This, above all:

This, above all: To be God's best for The Coach and for Anna

Thursday, July 12, 2007

My withness

With his helter-skelter sched, The Coach hardly has time for TV, but these days he'd gladly lose sleep over Commander in Chief. Tonight, after the segment where Mac Allen's mother still mourned for a husband long gone, The Coach hugged me and asked, "Will you miss me if I die?" I would, definitely, infinitely, and sprung on him the same question, almost flippantly, wanting to see if he'd give me a proper eulogy.

But now as he sleeps and the night is moonless, I am unnerved. What is life without this beautiful man, one who is—to borrow from Kate Knapp Johnson's Meadow—"my withness, my here"?

In the first years of our marriage, I would sometimes wake in the darkness, and not hearing The Coach's breathing above the hum of the air conditioner—he is not one to snore unless exhausted—I would slide my head down from my pillow to catch the silhouette of his chest against the muted light that filters through the curtains.
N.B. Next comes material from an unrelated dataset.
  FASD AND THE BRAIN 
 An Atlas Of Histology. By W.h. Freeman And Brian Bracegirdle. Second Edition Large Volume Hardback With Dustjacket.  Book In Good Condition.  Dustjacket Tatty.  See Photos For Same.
I would monitor the rise and fall of his breathing, and only when so assured could I go back to sleep.

Many years of everydays calmed me, lulled me to thinking that together is a forever word. Until tonight.


Otherwise
Jane Kenyon

I got out of bed
on two strong legs.
It might have been
otherwise. I ate
cereal, sweet
milk, ripe, flawless
peach. It might
have been otherwise.
I took the dog uphill
to the birch wood.
All morning I did
the work I love.

At noon I lay down
with my mate. It might
have been otherwise.
We ate dinner together
at a table with silver
candlesticks. It might
have been otherwise.
I slept in a bed
in a room with paintings
on the walls, and
planned another day
just like this day.
But one day, I know,
it will be otherwise.



from Otherwise, 1996
Graywolf Press, St. Paul, Minnesota

1 comment:

Ayen said...

awwww....

(maybe it's a coincidence, but the word verification text i had to punch in in order to leave this comment was: "tgoxs." it might have been otherwise.)